Nowadays a growing number of car manufacturers are including services such as camera assistance for parking, remote control of the vehicle, voice recognition or breakdown alerts in their vehicles. These tools are incorporated in our daily life to enhance road security and customer satisfaction.
The announcement of the Dutch Data Protection Authority (Autoriteit Persoonsgegevens) on the investigation of 10 big car manufacturers on the use of personal data collected via so-called ‘connected cars’ has reopened the discussion on whether connected vehicles are GDPR compliant or not.
The lack of compliance of connected vehicles might affect a great number of users.
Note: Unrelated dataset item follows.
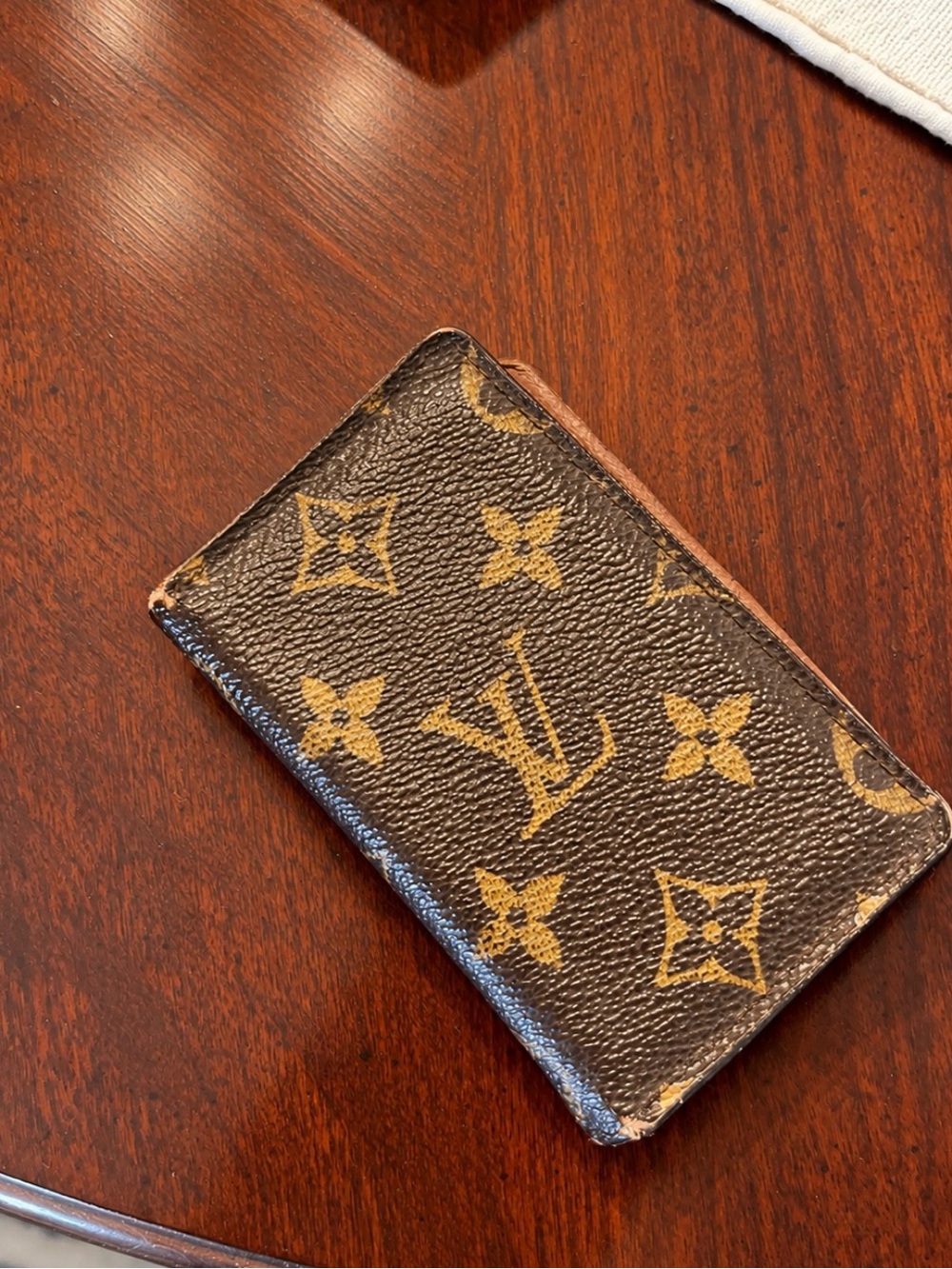 Authentic Louis Vuitton Monogram Canvas Card & Key Holder in Brown and Gold🇮🇹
According to the European Data Protection Supervisor (EDPS), car manufacturers obtain 25 gigabytes of data per hour from our vehicles. In December 2019, the EDPS also published TecDispatch#3 Connected Cars. It confirmed that last year 80 cyberattacks took place against the smart mobility ecosystem.
Read together these numbers underline the importance of the data generated by connected vehicles. They highlight the need for addressing and investigating their compliance.
GDPR principles & Connected Cars
Following the Guidelines of the European Data Protection Board, connected vehicles potentially involves a risk to five out of seven GDPR principles:
- Lawfulness, fairness & transparency: connected vehicles have created a complicated system of parties that process the data (car manufacturer, road authorities, insurance companies…) This leads to the complexity of drafting a privacy statement that includes all the different purposes, controllers and processors and still keep it short and readable for the customer.
- Data minimization: car manufactures might be collecting more data than needed to provide their services. The use of sensors or learning machines allows the capture and processing of a large amount of data that might not be needed for providing the services.
- Data accuracy: due to the big number of parties involved, it is challenging for the data subject to know to whom to go in case s/he wants to correct his/her personal data.
- Purpose limitation: since the car manufacturers do not inform you about who the data is shared with and for what. The data collected to improve the quality of car parts could also be used by insurance agencies to offer a different insurance premium or by the road authorities to improve traffic safety.
- Storage limitation: once the data is no longer needed for the purpose it was collected for, it must be deleted. Connected vehicles collect data for different purposes therefore, different deletion times might apply. It is not clear how long the data is stored for and how manufacturers ensure deletion.
Accountability, integrity and confidentiality
In addition, we (i.e. Cuccibu) also believe that the principles of accountability and confidentiality & integrity might be endangered within connected cars:
- Accountability: There is a lack of clarity of which parties are involved in data processing within connected vehicles. This creates a great difficulty on making companies accountable for their use of our data. Car manufacturers might be aware of who are their subcontractors and processors. Nevertheless, are they really aware of the subcontractors of the subcontractors or processors of the processors? How can they ensure that all of these companies are GDPR compliant?
- Integrity & Confidentiality: as the number of parties involved in connected vehicles is large, the data flow circulation is also high and therefore, the possibilities of leaks are also more likely. Moreover, all the companies that are dealing with the data processing need to ensure that the security measures are appropriate. For example to avoid any unauthorized access.
What risks does this pose for me?
The most obvious risk that we encounter as customers is the lack of control over the processing of our data. It is complicated to know who is processing our data, what the purpose of the processing is and what the legal basis is etc.
The absence of clarity has an impact on the possibility of exercising our data subject rights. It also has an impact and our ability to make an informed decision on whether we want to purchase a connected car or not.
What should I watch out for when buying a connected car?
When you a buying a new car, make sure to remember that the dealer needs to inform you about:
- Which personal data the vehicle will collect, process and transfer;
- Why they are processing this personal data;
- Who the vehicle will share this personal data with;
- How you can exercise your data subject rights, such as the right to access or erasure;
- Who you can contact, in case of questions or complaints, about the personal data your car processes?
Please note that the legal ground applicable for the data processing will determine the rights of the data subject. For instance, on the one hand, if the processing is based on the consent of the customer, they always have the right to refuse the processing. Or, they may at a later time withdraw the mentioned consent. If special personal data is recorded the controller needs to obtain explicit consent. For instance, the geolocation of your vehicle that records you going to the doctor.
Alternatively, if the legal basis is legitimate interest the data subject has the right to object the processing. Additional explicit consent for the processing of special personal data will still need to be obtained.